Researchers from The University of Texas M. D. Anderson Cancer Centre have identified certain risk factors that may help predict the likelihood of patients developing breast cancer in the opposite breast.
These risk factors may help women who are diagnosed with breast cancer make the difficult decision about whether to have their second breast removed as a preventive step.
"Women often consider contralateral prophylactic mastectomy (CPM) not because of medical recommendation, but because they fear having their breast cancer return," said Kelly Hunt, M.D., professor in the Department of Surgical Oncology at M. D. Anderson and lead author on the study.
"Currently it is very difficult to identify which patients are at enough risk to benefit from this aggressive and irreversible procedure. Our goal was to determine what characteristics defined these high-risk patients to better inform future decisions regarding CPM," she added.
During the study, the researchers reviewed the cases of 542 women with breast cancer only in one breast who received CPM to remove the second breast.
Out of this group, 435 patients had no abnormal pathology identified in the opposite breast, 25 patients had contralateral breast cancer identified at surgery, and 82 patients had abnormal cells that indicate a moderate to high-risk for breast cancer development in the contralateral breast found at the time of surgery.
Further analysis of the patients with contralateral breast cancer revealed that a five-year Gail risk of 1.67 percent or greater; an invasive lobular histology; and multiple tumours in the original breast were all strong predictors for contralateral breast cancer.
However, patient race, estrogen receptor status and progesterone receptor status were not associated with increased risk.
"We went from having very little information on the benefit of this procedure for individual patients to identifying three independent and significant risk factors," Hunt said.

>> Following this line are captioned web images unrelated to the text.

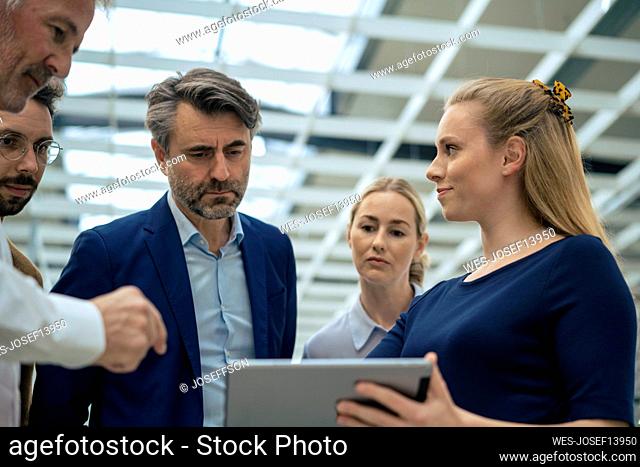Businesswoman discussing with colleagues over tablet PC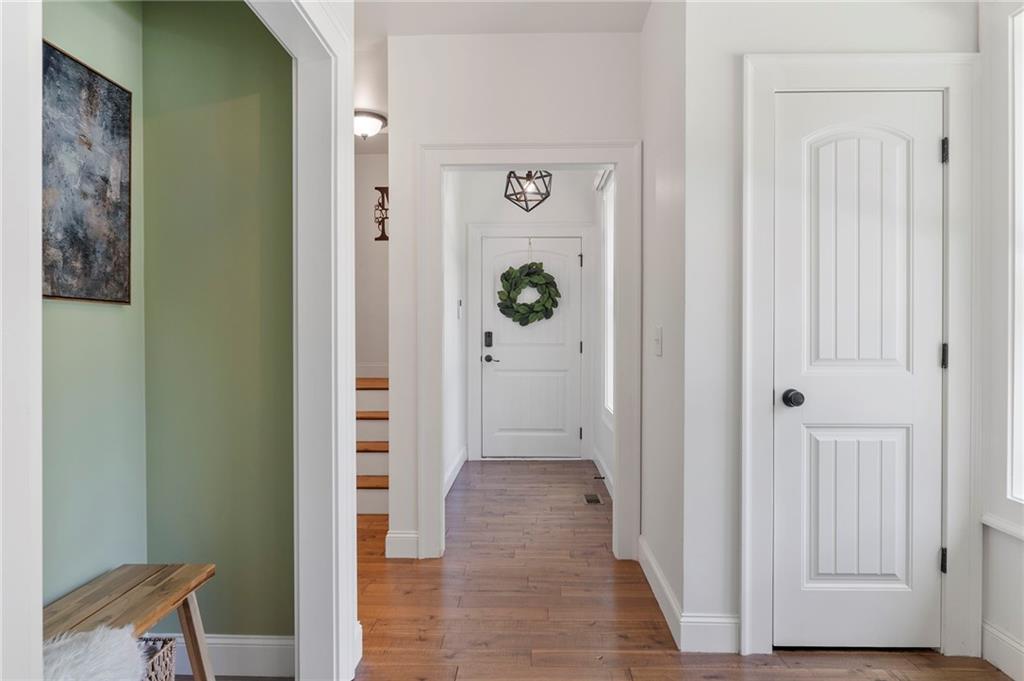 1273 Villa Rica Road Powder Springs, GA 30127 - Photo 33 of 69 a view of a hallway with wooden floor and closet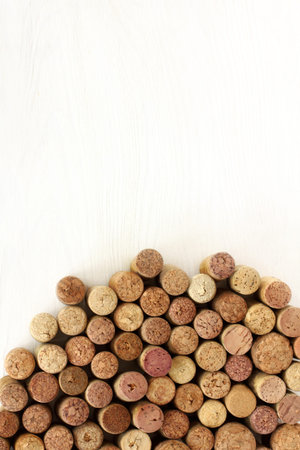 flat layout of wine corks of different varieties on a light wooden background top view / mountain open  flavorsの写真素材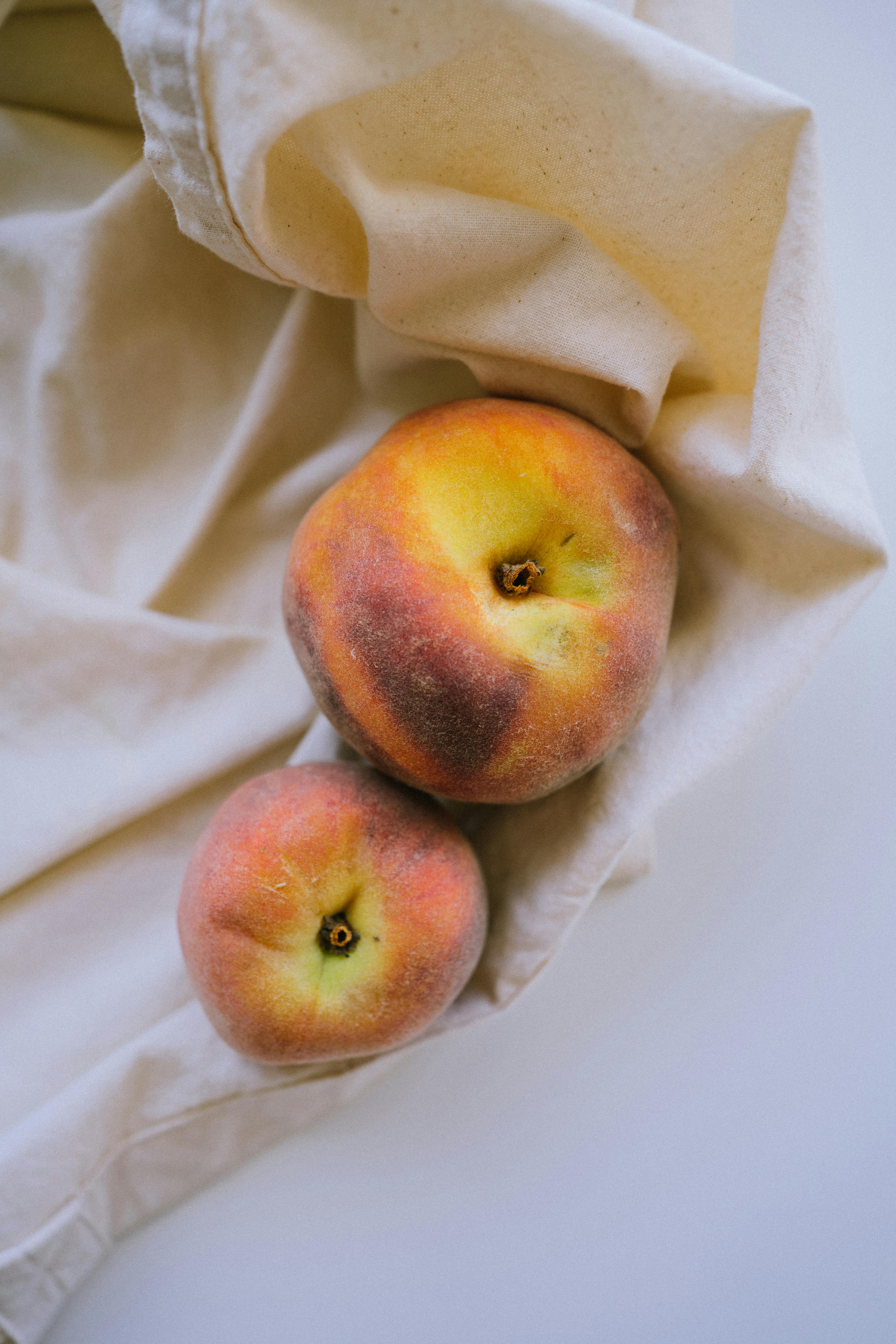 A close-up of fresh peaches resting on soft white fabric, highlighting their natural texture and color.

"Each provides valuable insight into how likely a woman is to develop the disease in her other breast and enables physicians to make an educated recommendation if a patient will potentially benefit from CPM.

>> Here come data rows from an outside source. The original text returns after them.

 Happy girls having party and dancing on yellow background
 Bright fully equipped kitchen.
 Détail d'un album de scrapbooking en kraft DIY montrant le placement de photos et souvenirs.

"We've always known contralateral breast cancer risk is not the same for all women and it is unnecessary to perform preventive mastectomies routinely.
"As we begin to clarify the specific risk factors, the number of women undergoing CPM may decrease and those with a low to moderate-risk may be more open to less extreme options for risk reduction, such as hormonal therapy and newer agents for prevention of breast cancer," she added.
The findings are published in journal Cancer.